In this example, a silicon carbide powder was pretreated by heating a commercial two-part solution sold under the trade name Nickelmerse SPL by Lea Ronal Corporation, the solution having a nickel hypophosphite base. The solution was prepared by admixing 15 parts of Part A, 10 parts of Part B and 75 parts of deionized water by volume and heating to a temperature of about 85 C. with continuous agitation. Silicon carbide powder (2 to 15 microns in size) in an amount of 4 grams was placed in 200 cc of the bath solution and maintained in the bath for a period of 30 minutes at 88 C. with continuous agitation. At the end of this period, heating was discontinued as was the stirring and the nickel treated silicon carbide powder was allowed to settle. The solution was decanted and the powder was washed three times with cold deionized water. The washed powder was then dried in a drying oven at a temperature of 110 C. and after drying was sieved through a # 200 sieve.
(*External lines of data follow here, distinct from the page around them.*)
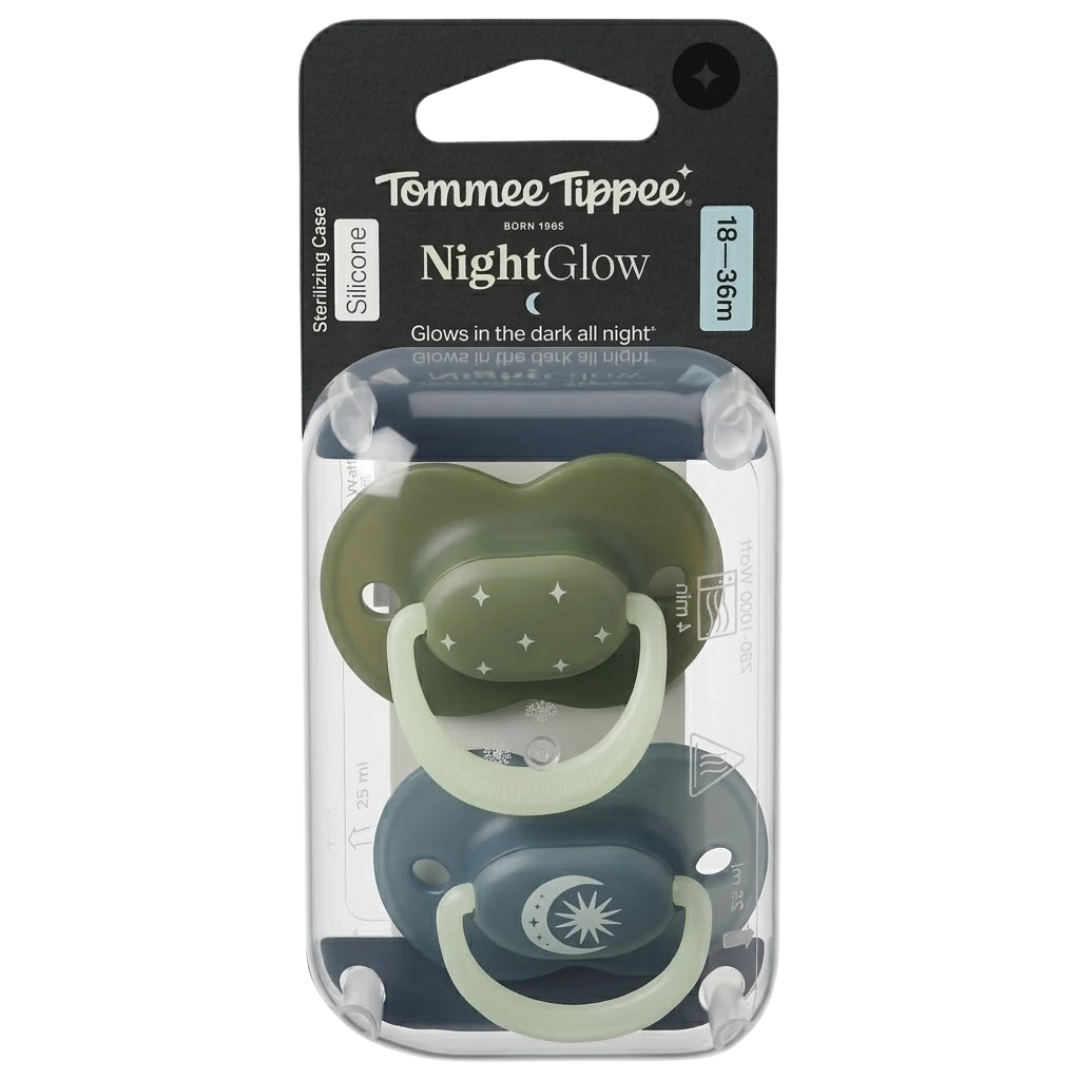 Tommee Tippee 2 Sucettes Night Glow Boy 18-36mois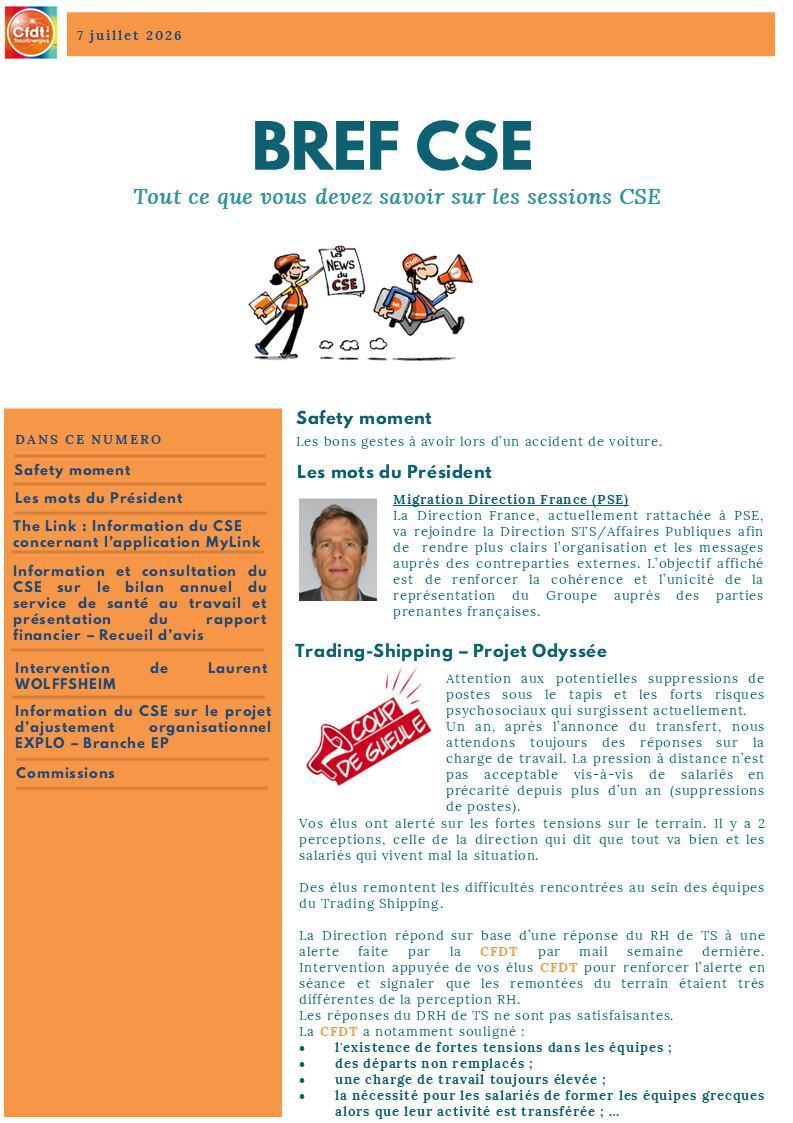 BREF CSE AGSH PARIS DU 7 JUILLET 2026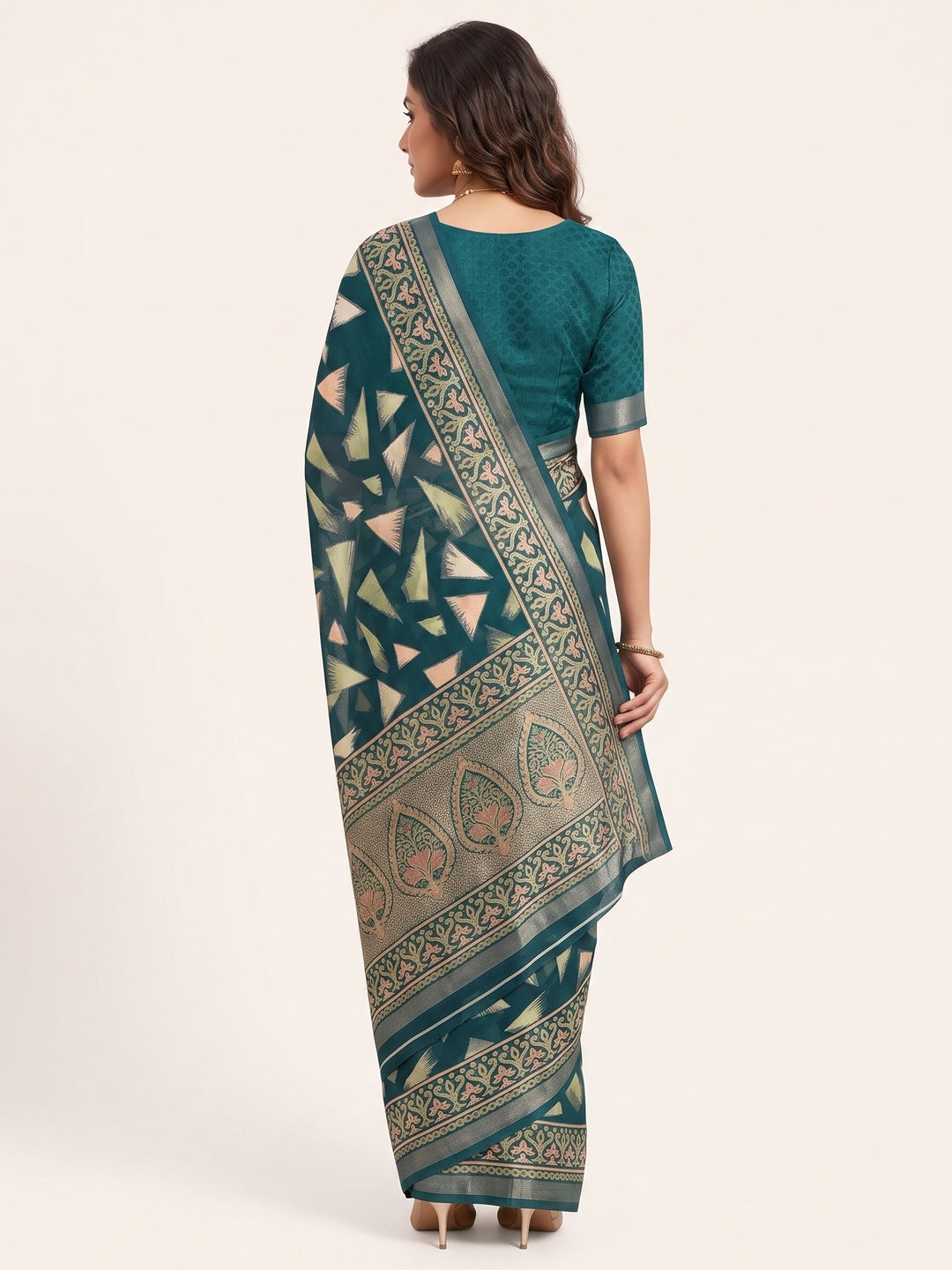 Teal Saree in Brasso with Contemporary Geometric Print - Image 2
Energy dispersion X-ray (EDAX) analysis disclosed that there was a 2:1 weight ratio of silicon to nickel.

EXAMPLE II

In this example, silicon carbide powder similar in nature to that utilized in Example I above, which was from 2 to 15 microns in size, was placed in a solution similar to that used in Example I above. A solution was maintained at a temperature of 82 C. for a period of 30 minutes with continuous agitation. At the end of the plating period, the nickel treated silicon carbide powder was separated from the plating solution by decantation, washed three times with cold deionized water, dried and recovered. EDAX analysis showed a weight ratio of 3:1 silicon to nickel.

Another sample of silicon carbide powder was treated in a similar manner by placing 5 grams of powder in 180 cc of a plating solution similar to that set forth in Example I above. The solution was maintained at a temperature of 91 C. for a period of 15 minutes with constant agitation. At the end of this period, agitation and heating were discontinued and, after the powder had settled, the plating solution was removed by decantation. The nickel plated silicon carbide powder was washed three times with deionized water, dried, and recovered. EDAX analysis of this sample disclosed a weight ratio of 6.5:1 silicon to nickel.

EXAMPLE III

Samples of metal-ceramic composites were prepared by weighing out 0.5 gram of the nickel treated silicon carbide powders prepared according to Examples I and II above with 5.5 grams of iron. In addition, another sample was also prepared by admixing 0.5 gram of untreated silicon carbide powder with 5.5 grams of iron. The two components of each composite were mixed by vigorous shaking in a glass jar for a period of 5 minutes, following which the mixed compositions were then pressed into 1" diameter discs. The pressing of the disks was effected at room temperature in steel dies in a hydraulic pill press under a pressing pressure of 75,000 psi for a period of 1 minute. The dimensions of the pressed disks with respect to diameter and height were measured with a micrometer, the green density being calculated from those measurements and the pressed weight.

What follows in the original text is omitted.